And then it was going to start getting wackier and whack here.
And the universal chairman at the time, Adam Fogelson, said,
can we take it out of being a pure car culture movie and into being a true action franchise in the spirit of those great heist films made 10 to
15 years ago. Adam, mission accomplished. You did it. Congratulations.
Thumbs up. Really well done. So this movie was released in April 2011,
$125 million budget. It made $625 billion. It was the seventh highest grossing film of 2011,
77% of rotten tomatoes. Roger Ebert, three out of four stars. Good for him.
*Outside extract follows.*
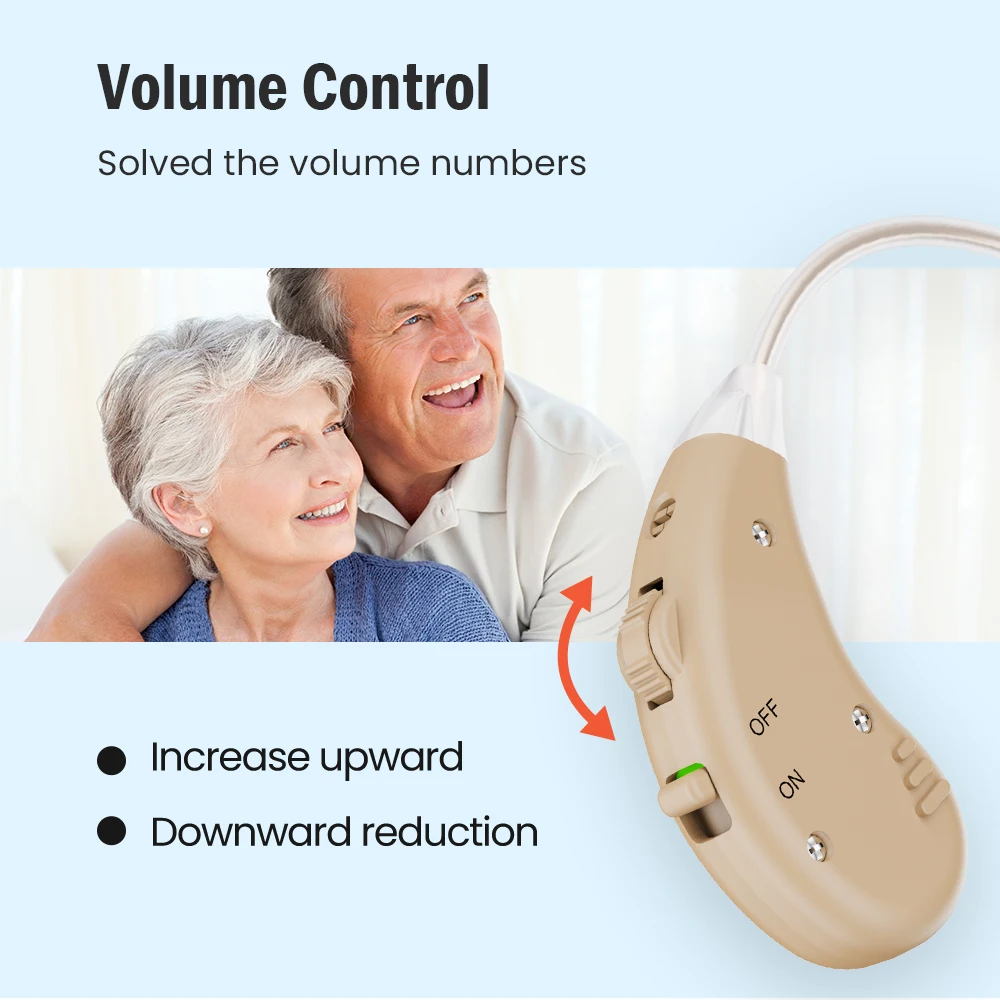 Hearing Amplifiers Set with New Digital Technology Invisible Design and Rechargeable USB Dock  Pair Hearing Aids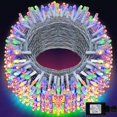 thumbnail image 1 of KNONEW 197FT 500 LED Christmas Lights Outdoor String Lights 8 Modes & Memory Fairy Light Plug in Waterproof LED String Lights for Xmas Yard Tree Wedding Party Holiday Decorations (Multicolor), 1 of 8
Richard
Corliss of Time considered it, and I quote,
Maybe the first great film of the post-human era.
I don't even know what that means, but I like it.
First great film of the post-human era.
So there you go.
Any other big picture comments you want to make
before we go to the categories?
Because we got a lot to hit here.
I think we should go straight to the categories.
I will say I was surprised that you didn't start with the Brian and Dom.
We need two precision drivers.
I thought we were going to do that line.
I thought we were going to act it out.
I had been practicing.
Maybe we can get to it later.
Oh, let's get to it later.
Let's hold it.
I'm ready for it as well.
All right, let's get to the categories.
All right, it's time for the nominees for most rewatchable scene presented by Slink TV.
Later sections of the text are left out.